**DIRECTIONS FOR THIS TASK:**
For the word "Green", state how many lines below contain it. Give no other text.

**SOURCE INFORMATION:**
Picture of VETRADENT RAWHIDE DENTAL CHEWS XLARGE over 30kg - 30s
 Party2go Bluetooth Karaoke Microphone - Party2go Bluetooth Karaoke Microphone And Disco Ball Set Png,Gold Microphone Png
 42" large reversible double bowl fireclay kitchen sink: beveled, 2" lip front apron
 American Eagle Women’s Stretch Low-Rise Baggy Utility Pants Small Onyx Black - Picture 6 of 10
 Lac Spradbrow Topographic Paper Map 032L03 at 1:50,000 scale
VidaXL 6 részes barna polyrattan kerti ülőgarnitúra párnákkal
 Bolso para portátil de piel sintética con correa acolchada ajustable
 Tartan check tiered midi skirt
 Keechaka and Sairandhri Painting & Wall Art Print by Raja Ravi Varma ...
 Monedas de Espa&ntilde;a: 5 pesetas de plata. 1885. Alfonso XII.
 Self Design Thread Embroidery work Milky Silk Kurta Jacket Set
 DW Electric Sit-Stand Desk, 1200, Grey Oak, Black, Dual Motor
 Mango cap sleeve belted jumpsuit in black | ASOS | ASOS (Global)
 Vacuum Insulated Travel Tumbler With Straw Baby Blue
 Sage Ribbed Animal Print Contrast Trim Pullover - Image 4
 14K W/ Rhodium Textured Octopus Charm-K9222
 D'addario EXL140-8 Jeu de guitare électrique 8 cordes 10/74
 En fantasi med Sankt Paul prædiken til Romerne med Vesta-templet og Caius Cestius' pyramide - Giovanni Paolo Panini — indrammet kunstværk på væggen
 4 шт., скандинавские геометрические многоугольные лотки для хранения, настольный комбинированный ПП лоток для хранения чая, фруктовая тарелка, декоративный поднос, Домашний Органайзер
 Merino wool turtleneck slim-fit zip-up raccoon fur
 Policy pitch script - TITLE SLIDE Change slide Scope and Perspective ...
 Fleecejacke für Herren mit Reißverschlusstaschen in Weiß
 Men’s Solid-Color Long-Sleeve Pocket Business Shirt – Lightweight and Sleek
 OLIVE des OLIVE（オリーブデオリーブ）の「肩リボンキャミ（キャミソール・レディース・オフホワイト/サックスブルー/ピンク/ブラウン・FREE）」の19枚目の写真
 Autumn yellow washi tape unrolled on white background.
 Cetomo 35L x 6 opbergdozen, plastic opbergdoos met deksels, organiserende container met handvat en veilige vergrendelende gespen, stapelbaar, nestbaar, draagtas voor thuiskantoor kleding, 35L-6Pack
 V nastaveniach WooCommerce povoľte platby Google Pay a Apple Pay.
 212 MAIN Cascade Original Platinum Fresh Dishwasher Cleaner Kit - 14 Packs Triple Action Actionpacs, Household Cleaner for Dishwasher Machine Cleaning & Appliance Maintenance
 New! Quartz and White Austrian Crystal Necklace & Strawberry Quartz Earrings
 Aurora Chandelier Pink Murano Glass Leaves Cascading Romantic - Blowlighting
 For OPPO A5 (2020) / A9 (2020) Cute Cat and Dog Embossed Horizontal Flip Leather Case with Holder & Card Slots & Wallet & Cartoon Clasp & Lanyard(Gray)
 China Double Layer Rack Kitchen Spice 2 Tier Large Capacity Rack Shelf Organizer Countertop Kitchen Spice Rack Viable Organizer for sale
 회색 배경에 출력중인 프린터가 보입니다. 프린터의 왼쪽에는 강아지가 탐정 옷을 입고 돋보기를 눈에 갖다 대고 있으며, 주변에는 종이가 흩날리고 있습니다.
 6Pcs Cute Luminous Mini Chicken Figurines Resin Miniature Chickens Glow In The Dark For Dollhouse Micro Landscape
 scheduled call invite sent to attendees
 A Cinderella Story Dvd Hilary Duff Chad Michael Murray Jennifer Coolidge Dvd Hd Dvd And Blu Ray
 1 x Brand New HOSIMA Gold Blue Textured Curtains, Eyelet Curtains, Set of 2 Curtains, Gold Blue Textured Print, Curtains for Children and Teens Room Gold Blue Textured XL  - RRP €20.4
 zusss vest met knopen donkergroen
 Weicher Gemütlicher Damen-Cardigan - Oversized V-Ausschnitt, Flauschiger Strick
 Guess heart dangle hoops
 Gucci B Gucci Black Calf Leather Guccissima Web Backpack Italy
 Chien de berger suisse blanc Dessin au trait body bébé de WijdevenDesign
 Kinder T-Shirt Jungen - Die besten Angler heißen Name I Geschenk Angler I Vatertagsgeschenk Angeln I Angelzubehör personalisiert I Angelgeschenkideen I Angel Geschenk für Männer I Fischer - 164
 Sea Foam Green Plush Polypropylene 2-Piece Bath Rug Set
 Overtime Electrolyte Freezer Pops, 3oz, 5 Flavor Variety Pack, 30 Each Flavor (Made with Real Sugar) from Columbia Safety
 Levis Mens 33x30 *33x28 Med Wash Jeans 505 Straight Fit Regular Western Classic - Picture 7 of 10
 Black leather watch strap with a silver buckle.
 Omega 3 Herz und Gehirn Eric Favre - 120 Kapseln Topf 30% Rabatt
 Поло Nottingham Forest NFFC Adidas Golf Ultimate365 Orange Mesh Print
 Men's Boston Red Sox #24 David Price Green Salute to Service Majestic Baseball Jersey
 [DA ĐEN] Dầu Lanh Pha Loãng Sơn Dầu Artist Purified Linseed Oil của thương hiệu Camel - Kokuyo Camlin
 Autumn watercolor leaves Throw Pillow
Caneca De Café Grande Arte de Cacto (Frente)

**REPLY TO THE TASK:**
2